Second Believers In Each Other: A Decade-Long Collaboration with Justin Mares
Today is a big day for Truemed, one of the portfolio companies we get to collaborate with. Its founder and CEO, Justin Mares announced $34 million in Series A funding led by a16z (we got to participate as well).
Justin is one of the first founders I ever invested in. He was just starting out too. Fast forward, I've invested in several of Justin's businesses over the years. He is also a venture partner at Long Journey. It was hard to keep track of who was believing in whom anymore.
Justin and I at the Banister Freedom House before our annual Long Journey Casino Charity Poker Tournament.
This past spring, Justin and I almost jeopardized our decade-long relationship.
The specifics don't matter. But there was a moment where we were both willing to risk the relationship for principle. Both fighting for what we thought was fair.
We both chose the bigger future we saw as possible for one another (e.g. growing old together, doing many more things together) over the thing in front of us. We worked through it. And strangely, that conflict made us respect each other even more. It solidified something that had always been there but needed to be tested.
We found the win-win by really sticking to what mattered: collaboration over transaction.
Partnership isn't easy. But the ones worth having are the ones that survive the hard conversations.
What I Know To Be True About Justin
I first met Justin when he was selling bikes back and forth from Oakland to San Francisco. Not a bike shop. Just opportunity. Find mispriced bikes in Oakland, ride them to SF, sell them, take BART back, repeat.
First product run of Kettle & Fire.
Then he gave up bikes to boil chicken and beef bones. He was going to take leftover bones no one wanted, throw them in a kettle, and sell broth at Whole Foods for $10 a carton.
Most people told him to get a real job. I gave him a check.
Now Kettle & Fire has a facility the size of three football fields.
Justin is a fire starter. A momentum creator. He sees a small flame in a person and believes in how big it can become. He adds wood to it with support and belief.
He's a classic second believer.
His work at Long Journey is finding young people like him, people with that spark, and breathing belief into them. Showing them what's possible. He follows his own curiosity relentlessly. He's in every WhatsApp group about longevity, biohacking, optimization. And that curiosity leads him to the weirdest deals, which he brings to us, not because he's sourcing, but because he genuinely can't help but get excited about what people are building.
But beneath all that hustle and curiosity, Justin is deeply, genuinely joyful.
He loves his wife Janine and her adventurous spirit—how she gets him out on long bike rides, things he might not do on his own. One of my favorite images of Justin: riding his bike with Janine up a big hill in Marin, both of them pushing hard, both of them smiling.

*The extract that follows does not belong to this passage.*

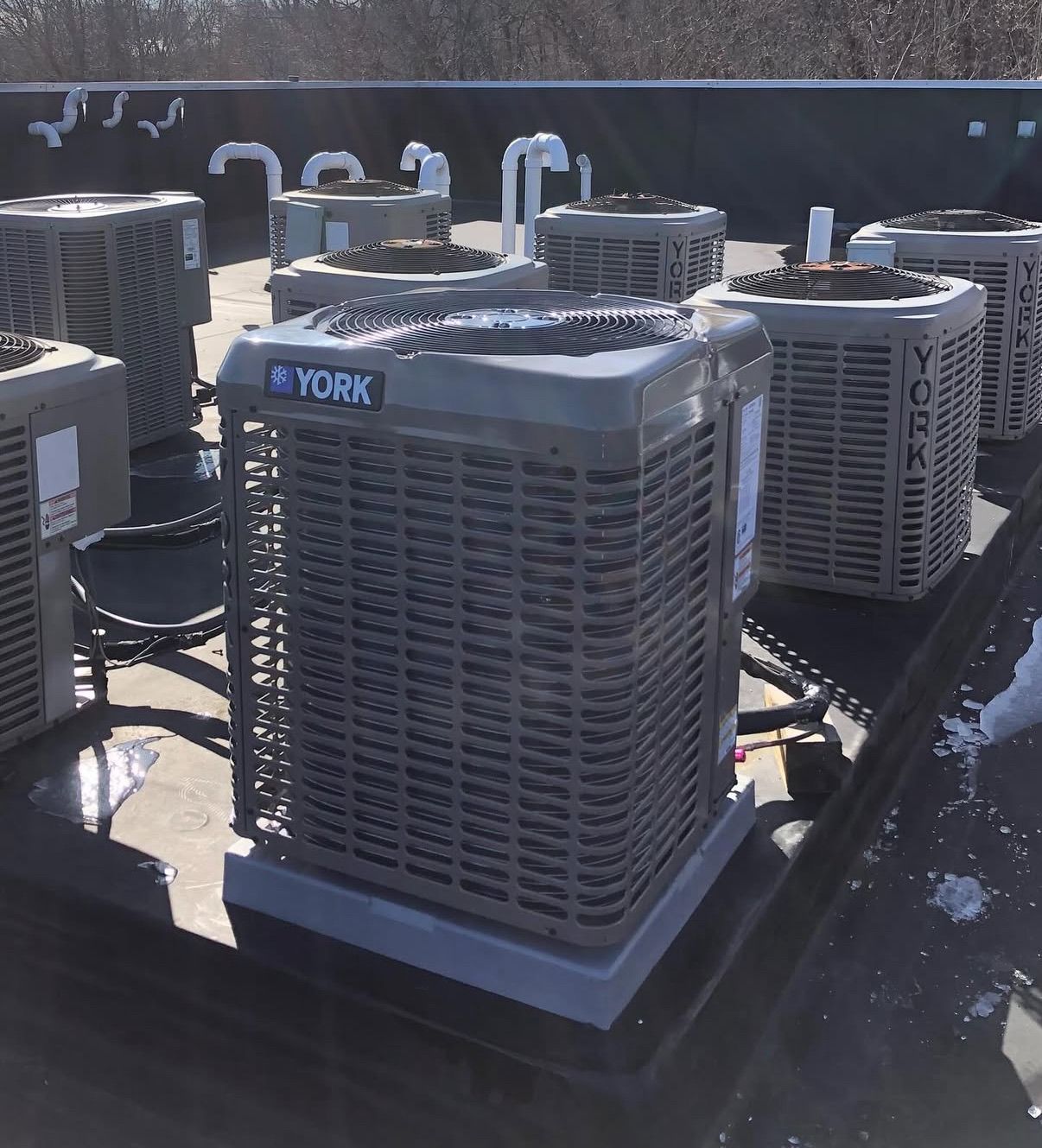 Multiple York air conditioning units are arranged on a flat, dark roof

This is a joyful man. And he can't help but want that for everyone. Health is the foundation for all of it.
That's why every company he builds comes back to enabling that: Kettle & Fire, Truemed… different vehicles, same mission.
Blank Check
In 2022, I did something I'd never done before: I printed out a term sheet and signed it with a pen.
We were at a Long Journey team retreat in Tahoe. Justin and I sat down together. As I handed him the physical paper for Truemed's pre-seed round (the first $900K), I told him: "This is the first of us investing $100 million-plus into Truemed."
At the time, our fund had raised less than $200 million total. I was committing more than half of everything we'd raised to a fintech company run by a soup company founder who wanted to use HSA funds for gym memberships.
It wasn't ceremony. It was certainty.
We're well on our way. We've since led the seed round. Truemed is now the largest investment across all our funds.
I've always said: whatever Justin's doing, I'll give him money.
Cyan once told me that collaboration is the highest form of love. That's what this is. Deep belief in one another. Trust in what we see as possible for each other. The certainty that both of us are going to keep doing bigger and bigger, greater things.
He'll tell me when he sees something off. I'll tell him when I see something better for him. We keep doing that for one another. Actually being in it together. Actually caring whether the other person succeeds.
On This Day…
I'm proud to continue supporting this mission as Justin scales Truemed.
I'm happy to be a second believer in him and am deeply grateful for his second believing in me as well on my own journey. The founder is always the first believer. They take the leap when the vision exists only in their mind. The second believer’s job is simple: recognize the fire and fan the flame.
I'd done it before with Kettle & Fire and Justin's other businesses. I knew his pattern. I knew that when he spots a misalignment, whether it's bikes or bones or HSA dollars, he has this uncanny ability to build a business around it that actually works.
So when he came to me with Truemed, I didn't need to overthink it. I printed out that term sheet in Tahoe and we signed right then and there.
It is truly a privilege to get to collaborate with Justin, over and over again, on bigger and bigger visions for the world.